Patientenbefragung nach QM-Richtlinie: Warum einmal alle drei Jahre nicht reicht

Arztpraxen sind gesetzlich verpflichtet, ihre Patienten regelmäßig zu befragen. Die meisten tun das einmal alle drei Jahre mit einem Papierfragebogen. Das erfüllt die Pflicht, aber es verpasst den eigentlichen Sinn.


Was die QM-Richtlinie verlangt

Seit 2005 sind Vertragsärzte in Deutschland verpflichtet, ein internes Qualitätsmanagement zu führen. Die QM-Richtlinie des Gemeinsamen Bundesausschusses (G-BA) definiert, was dazugehört. Patientenbefragungen sind eines der verpflichtenden Instrumente.

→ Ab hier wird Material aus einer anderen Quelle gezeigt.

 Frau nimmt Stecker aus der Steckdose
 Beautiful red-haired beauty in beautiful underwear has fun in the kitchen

Die Richtlinie sagt: Patientenbefragungen sollen regelmäßig durchgeführt werden, möglichst mit validierten Fragebögen. Je nach Art und Umfang der Patientenkontakte jährlich, mindestens jedoch alle drei Jahre. Die Ergebnisse sollen ausgewertet und in konkrete Verbesserungsmaßnahmen überführt werden.

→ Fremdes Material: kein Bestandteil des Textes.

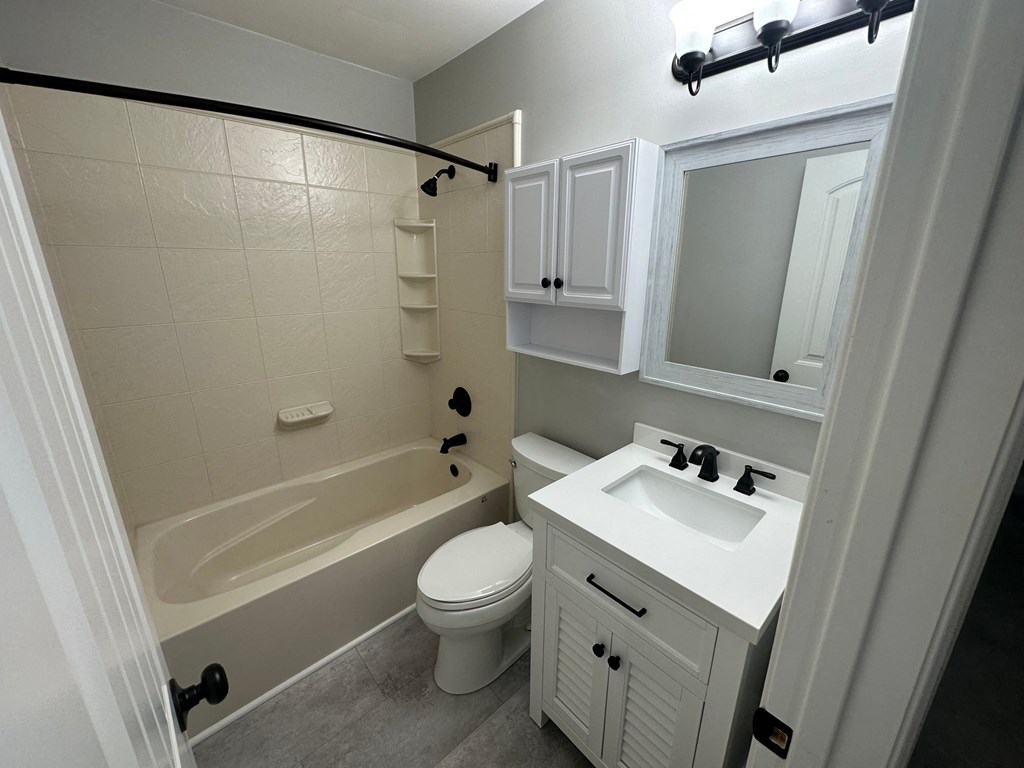 a bathroom with a sink toilet and tub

Für die Umsetzung stellt die Kassenärztliche Bundesvereinigung (KBV) den ZAP-Fragebogen kostenlos zur Verfügung. ZAP steht für "Zufriedenheit in der ambulanten Versorgung, Qualität aus Patientenperspektive". Der Fragebogen wurde an der Medizinischen Hochschule Hannover entwickelt und umfasst 32 Fragen in sechs Bereichen: Praxisorganisation, Information, Interaktion, Fachkompetenz, Einbindung in Entscheidungsprozesse und Vertrauen.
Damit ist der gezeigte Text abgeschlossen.